Hello, we have a workflow that we’d like to reset to a prior point if it fails to complete. However this workflow is dependent on a previous step that runs earlier in the workflow - and since its marked complete, Temporal correctly skips it on the reset workflow. However, we would like to ensure this step always runs - regardless of if it was completed successfully previously. Is there a way to make the step always run when a workflow restarts (or preferably only for a reset)? we have the ability to handle the clean up appropriately.

Thanks

If you have an expected failure: there’s something you know might happen that would cause the workflow to fail to complete, you should build that into the workflow execution.

At the point where it might fail, handle the failure by pausing the workflow until it receives a signal to continue. The workflow execution logic can then itself return to the previous step that needs to be run again.

1 Like

Thanks for the reply. In our case, its not expected failures.

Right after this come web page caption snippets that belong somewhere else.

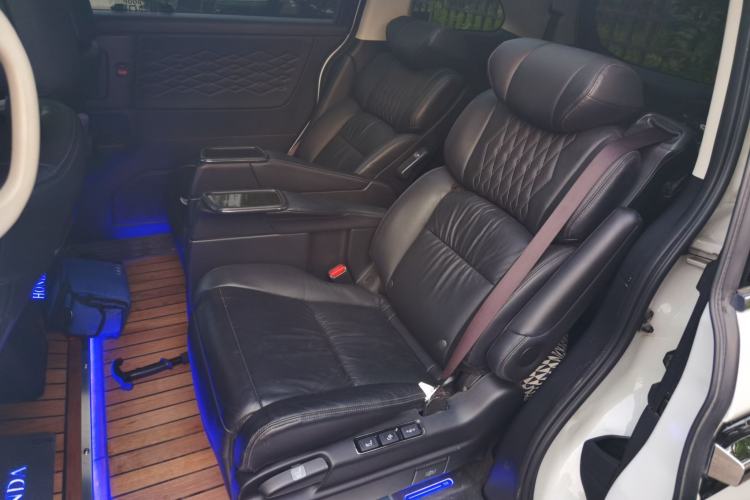 Used Honda Elysion 2022 2.0L eHEV Luxury First Edition Left Rear Seat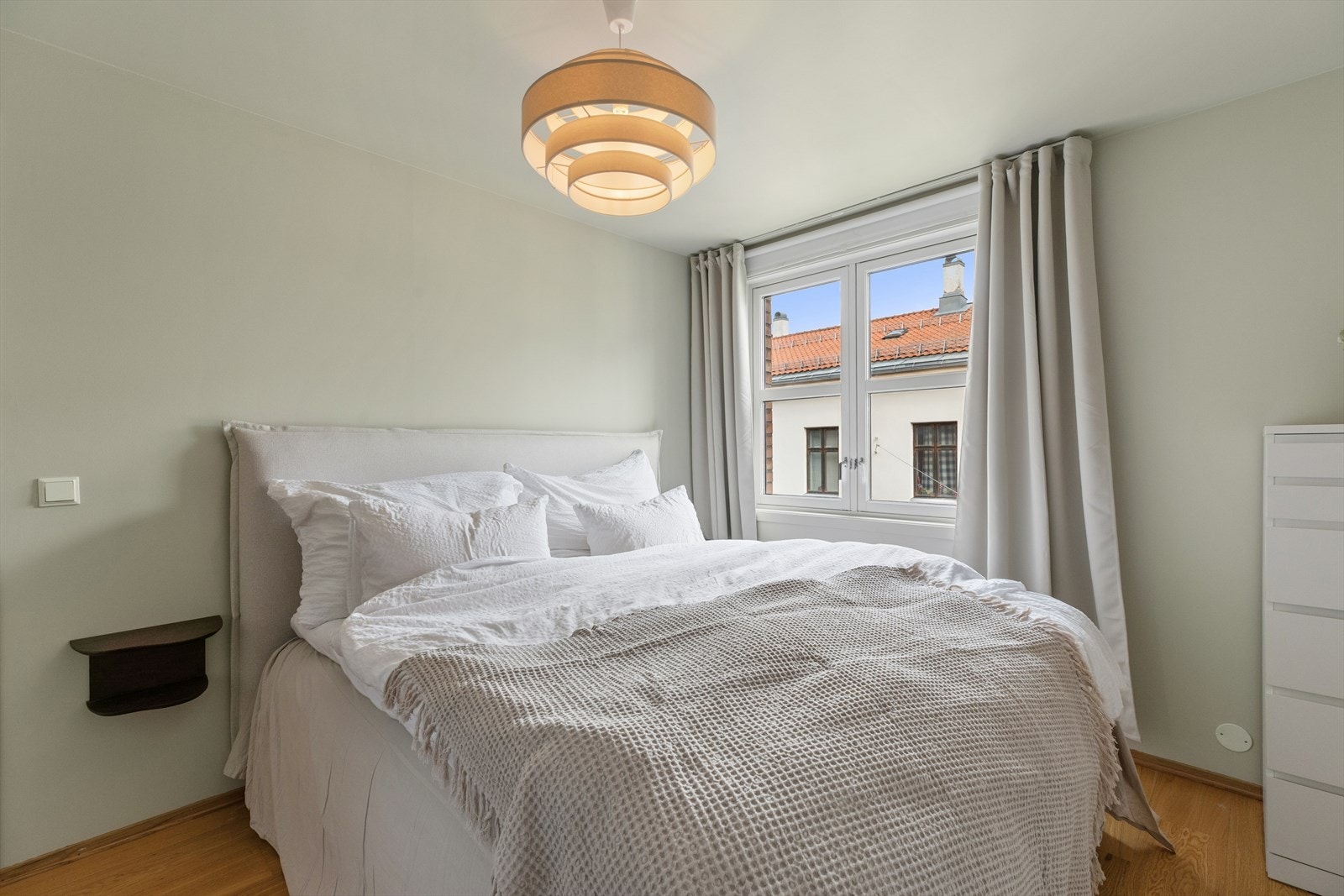 Hovedsoverommet har god plass til dobbeltseng og er utstyrt med praktisk skyvedørsgarderobe. Galleribilde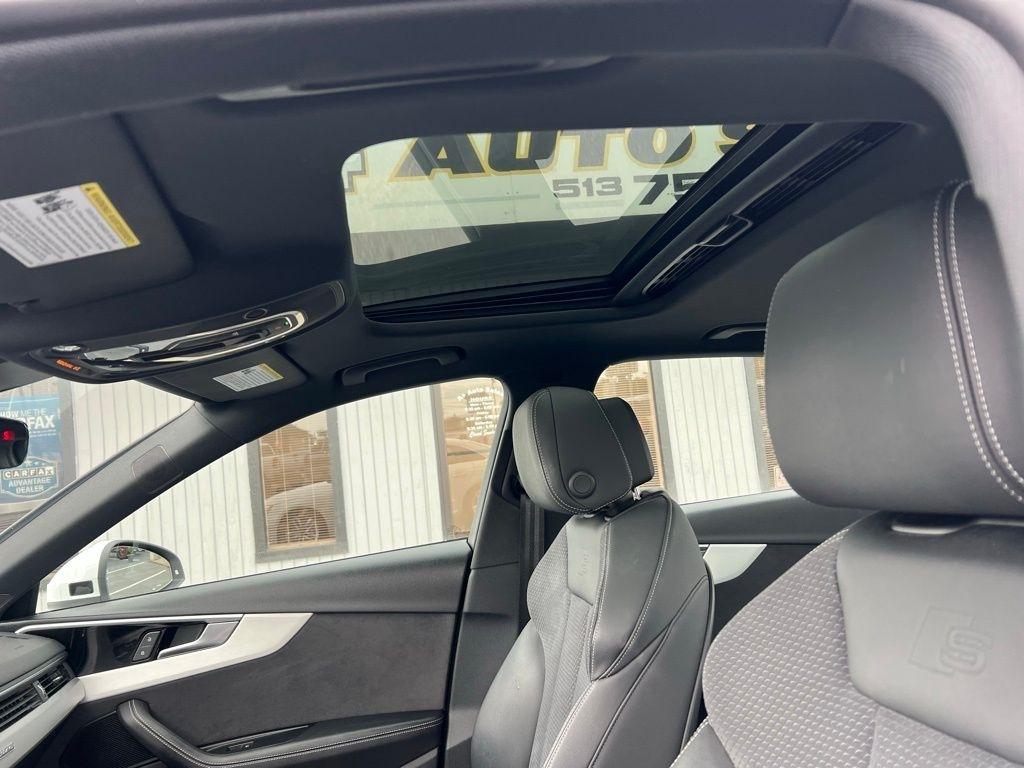 Audi A4 2.0 TFSI Auto Premium Plus quattro AWD 2022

The actual situation is this. At the beginning of a workflow, we use a step to trigger some tenant-specific worker setup code - so that the workers can take care of some tenant-specific activities. Think of them as K8 commands to set up some worker pods. When a workflow fails, we cleanup those workers - as they would otherwise sit idle.

In this setup, if a workflow fails after the initial worker setup code, we can’t use the workflow reset functionality - since we’re only resetting the workflow to a middle step (not all the way back to the initial setup step).

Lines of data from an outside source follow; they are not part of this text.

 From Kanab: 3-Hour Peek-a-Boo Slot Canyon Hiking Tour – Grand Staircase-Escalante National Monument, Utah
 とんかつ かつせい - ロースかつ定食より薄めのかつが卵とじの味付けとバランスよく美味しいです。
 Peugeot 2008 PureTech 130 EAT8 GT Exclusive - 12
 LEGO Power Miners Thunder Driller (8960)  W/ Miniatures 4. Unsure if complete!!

If there was a way to reset the workflow and during the control-flow, particular steps always got executed - regardless of previous execution/completion, then we can reset the failed workflow and pickup the work from the point where the failure happened - since the workers would get initiated again at the start of the new run caused by the reset.

Thanks!

What causes the workflow to fail to complete?

e.g.,

  • The workflow code throws an exception.
  • The workflow calls an activity which fails, and the workflow chooses not to catch that error.
  • The workflow is terminated.
  • The workflow is cancelled, and the workflow chooses not to catch that exception.

When the workflow fails, is there anything you do before resetting the workflow? Are you… fixing a bug in the workflow code? Fixing some input? Fixing some facility or service that the workflow uses?

It’s hard for me to tell without better understanding what you’re trying to do, but one thought is to use two workflows: have a parent workflow that runs the setup code and then runs the child workflow. If the child workflow fails, the parent workflow can alert you and wait for a signal before running the setup code and the child workflow again. That way you can change, reset, fix, etc. the child workflow without losing the state in the parent workflow that the setup code needs to be run each time.

Thanks for the response. The reasons we typically would attempt a reset for is for are:

  • configuration issues (results in an activity failure)
  • transient issue (timeout type issue)
  • code issue in activity

In some of these cases we’d like to ask the customer to fix something or fix something on our end and reset - to avoid a costly re-run.

Seems like the multi-workflow approach is not that straightforward. We would have launched a bunch of resources to execute the workflow that would remain up until someone could respond to the failure. Our use case is for special failure scenarios, we would like to have a way to reset where some activity will execute each time regardless of if it was already done. We can handle idempotency within the step. It’s a little bit like ‘taint’ functionality in Terraform. By tainting something, you’re able to refresh that particular node.

Personally, I would treat a reset as an emergency response to an unexpected situation.

But, if I understand you correctly, you have activities that sometimes require manual intervention, and you want to have a process to handle that occurrence. This isn’t unexpected; it’s part of the requirements that you’re attempting to design for.

My suggestion is that you build the process you need into the workflow. Don’t reset the workflow, instead implement the workflow to handle the failure that you expect may sometimes happen. This is what workflows are for: to execute the steps of the process you need to implement. In particular, the workflow can encode the knowledge of when the setup step needs to be run.

If an activity needs manual intervention, the workflow can let you know and then wait for a signal; when you’ve resolved the issue with the activity you can signal the workflow to run the setup and the activity again.

1 Like

Will think through this more. Thank you, Andrew!

1 Like